C’est le port historique de Douarnenez. Il faut imaginer, il y a un siècle, il y avait 900 chaloupes sardinières, bateaux traditionnels amarrés dans ce port. Le fort de l’activité était ici. Et puis au milieu du XXème siècle, ce port s’est agrandit. On a poldérisé de l’autre côté du port afin d’y construire une grande criée et un bassin qui peut accueillir des bateaux plus gros. Sur les quais, des travaux ont été faits également. Autrefois, il y avait des annexes et des voitures partout, aujourd’hui on est plus dans un cadre de balades. On n’est plus dans un port de travail mais dans un port de loisir. 

  Vous venez en profiter vous aussi ?

Moi je viens profiter de cet endroit parce que c’est agréable et beau et surtout parce qu’il y a de la vie !

Malheureusement les gros bateaux de pêche se trouvent dans le nouveau bassin, au port de commerce, auquel on ne peut plus accéder aujourd’hui pour des raisons de sécurité. Tout est clôturé. 

Je regrette que l’on ne puisse plus accéder à cet endroit avec la criée, la débarque du poisson, le ravitaillement parce que cette vie-là quand j’étais adolescent, je l’ai beaucoup regardée et j’ai appris énormément en observant. Même si je comprends partiellement que l’on ait mis des clôtures au port de commerce, c’est important de voir les choses pour les comprendre.

Aujourd’hui, on se pose beaucoup de questions sur le monde de la pêche. Je pense que d’avoir coupé les marins de la population ne favorise pas la compréhension de cet univers pour le faire évoluer dans le bon sens et notamment par rapport à la ressource.

 Et les bistrots à Douarnenez ?

Les bistrots à Douarnenez ont toujours tenu une grande importance. Je crois bien qu’il y a eu jusqu’à 250 bistrots à une époque, alors on se dit « qu’est-ce qu’ils picolaient ! » Mais la réalité du bistrot à l’époque était différente de celle d’aujourd’hui.
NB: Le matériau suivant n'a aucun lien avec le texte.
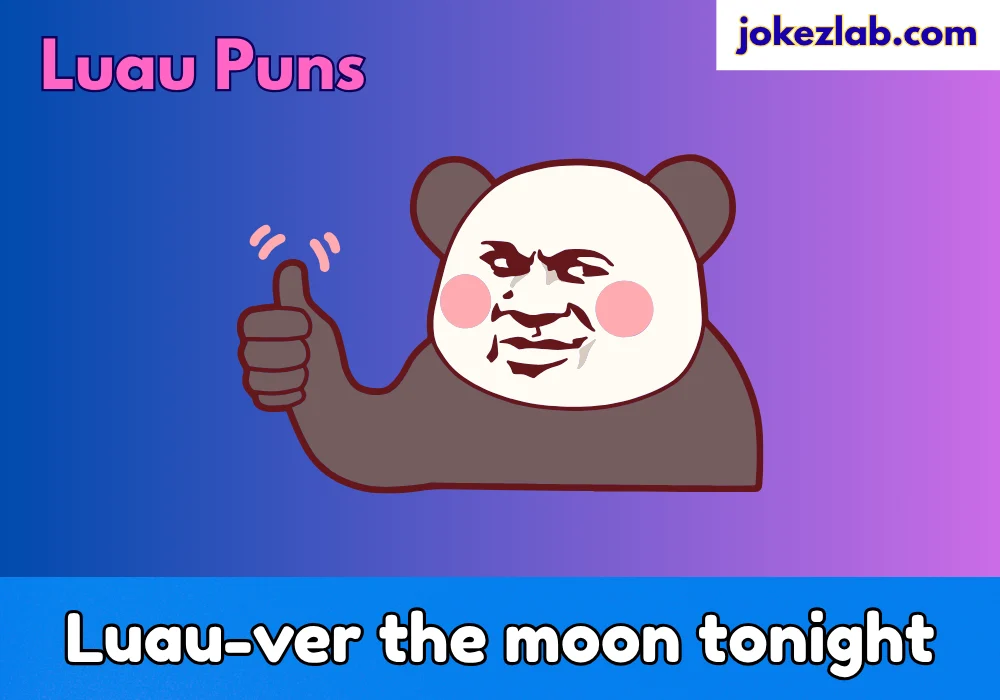 Luau Puns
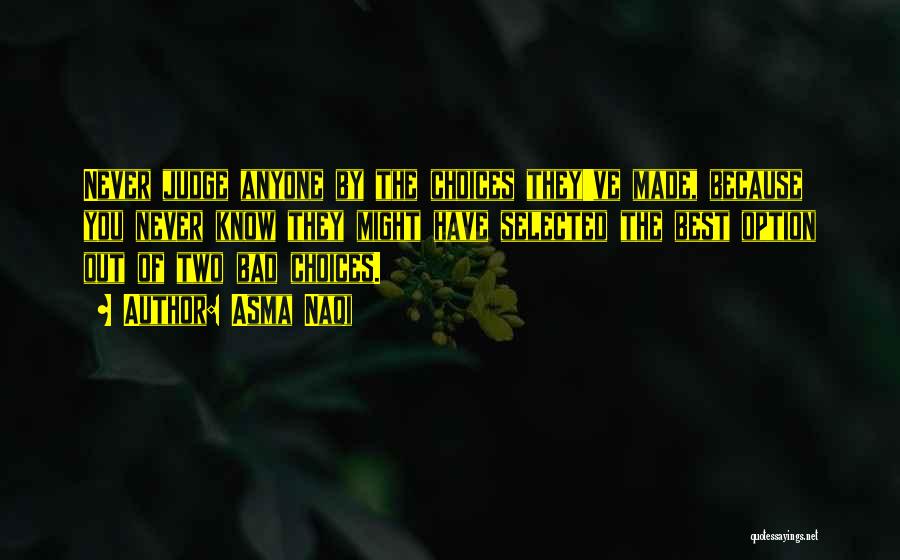Asma Naqi Quotes: Never Judge Anyone By The Choices They've Made, Because You Never Know They Might Have Selected The Best Option Out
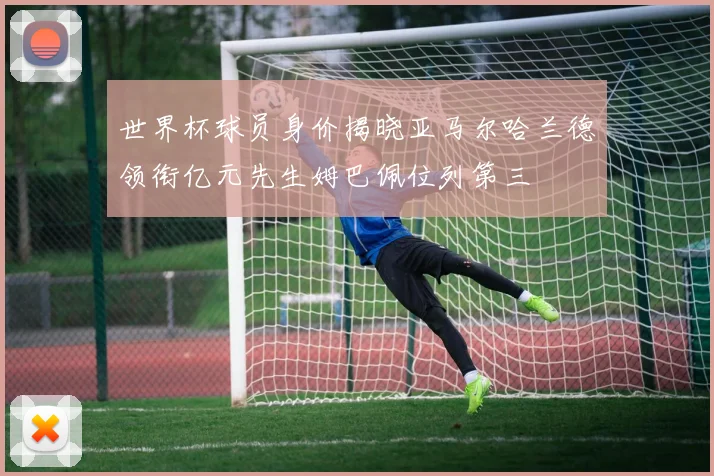 世界杯球员身价揭晓亚马尔哈兰德领衔亿元先生姆巴佩位列第三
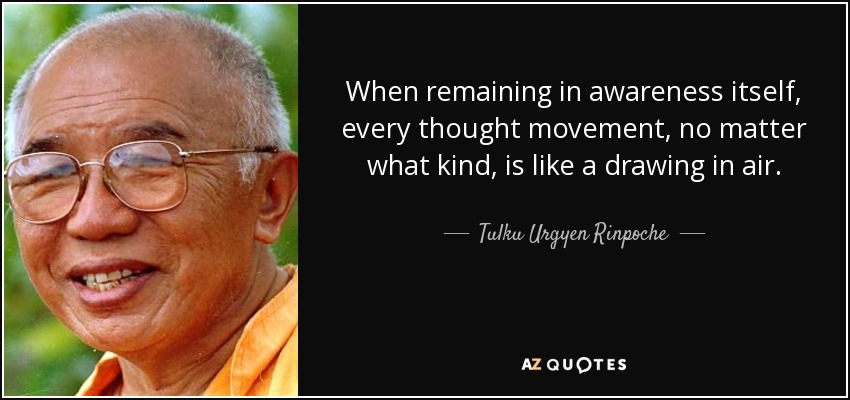 When remaining in awareness itself, every thought movement, no matter what kind, is like a drawing in air. - Tulku Urgyen Rinpoche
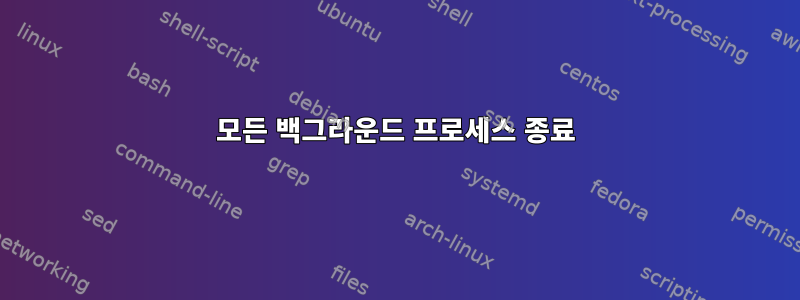 모든 백그라운드 프로세스 종료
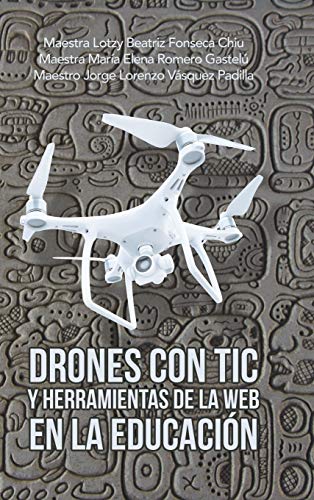 Beispielbild fr Drones Con Tic Y Herramientas De La Web En La Educaci n zum Verkauf von WorldofBooks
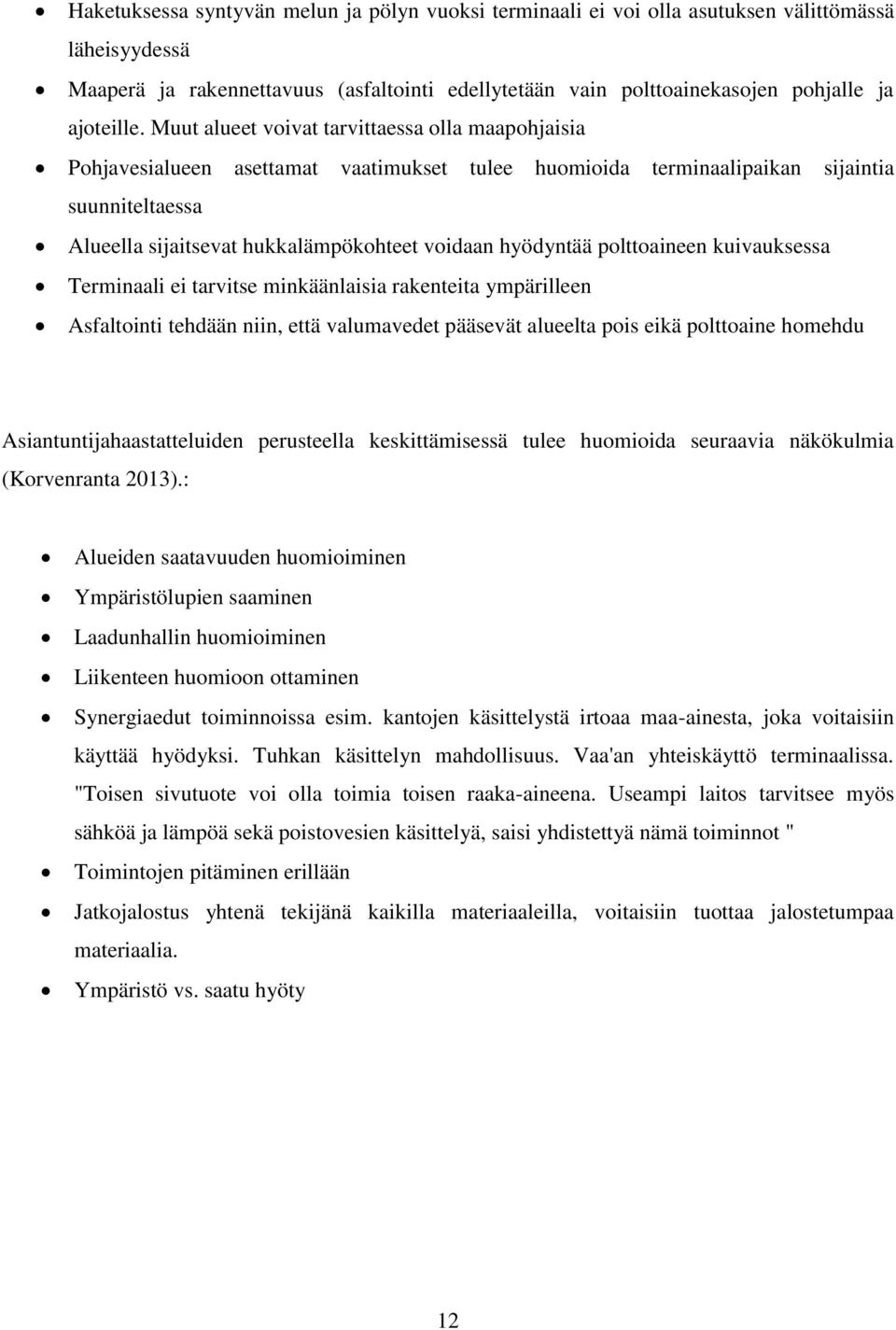 Muut alueet voivat tarvittaessa olla maapohjaisia Pohjavesialueen asettamat vaatimukset tulee huomioida terminaalipaikan sijaintia suunniteltaessa Alueella sijaitsevat hukkalämpökohteet voidaan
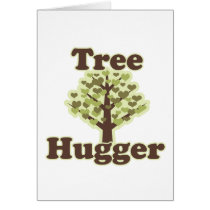 Tree Hugger Hug a Tree Greeting Card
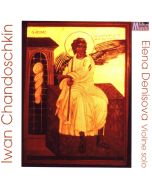 Iwan Chandoschkin (1747-1804) • Sonaten für Violine CD • Elena Denisova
C’était un lieu de vie, un lieu où l’on se retrouvait et où l’on partageait le fruit de la pêche. Le patron pêcheur venait avec l’argent qu’il avait récupéré de la vente du poisson et il le partageait avec ses marins. C’était un peu le lieu de la fin d’une marée. Il y avait aussi les tenancières, c’était souvent des femmes qui tenaient les bistrots. Elles servaient des verres à boire bien entendu mais elles gardaient aussi le fruit de la pêche. Il pouvait arriver que le boulanger qui avait servi le bateau en pain, vienne au bistrot récupérer le fruit de la vente. La tenancière s’occupait des comptes du bateau. C’était comme un prolongement de la vie à bord, comme une espèce d’étape intermédiaire entre la vie en mer et le retour à terre dans sa famille.